> [ASSIGNMENT]: Copy out every line of the data where the word "Black" is found.

(Records contained in a dataset)
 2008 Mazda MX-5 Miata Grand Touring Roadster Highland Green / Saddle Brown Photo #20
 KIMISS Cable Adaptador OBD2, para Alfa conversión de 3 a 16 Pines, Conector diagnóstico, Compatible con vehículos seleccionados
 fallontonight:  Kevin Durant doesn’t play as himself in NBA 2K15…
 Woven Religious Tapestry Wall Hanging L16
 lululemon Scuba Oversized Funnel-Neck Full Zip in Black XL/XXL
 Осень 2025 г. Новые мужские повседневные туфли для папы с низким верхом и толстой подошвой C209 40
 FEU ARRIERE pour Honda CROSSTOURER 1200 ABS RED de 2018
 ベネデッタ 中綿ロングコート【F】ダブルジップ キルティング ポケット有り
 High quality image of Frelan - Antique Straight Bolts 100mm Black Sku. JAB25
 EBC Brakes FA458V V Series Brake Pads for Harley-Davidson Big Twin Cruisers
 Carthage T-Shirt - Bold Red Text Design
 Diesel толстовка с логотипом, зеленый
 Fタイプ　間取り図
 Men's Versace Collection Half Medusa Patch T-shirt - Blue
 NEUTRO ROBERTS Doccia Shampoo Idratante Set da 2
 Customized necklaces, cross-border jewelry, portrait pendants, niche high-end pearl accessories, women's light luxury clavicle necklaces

> [WRITTEN ANSWER]:
 lululemon Scuba Oversized Funnel-Neck Full Zip in Black XL/XXL
 High quality image of Frelan - Antique Straight Bolts 100mm Black Sku. JAB25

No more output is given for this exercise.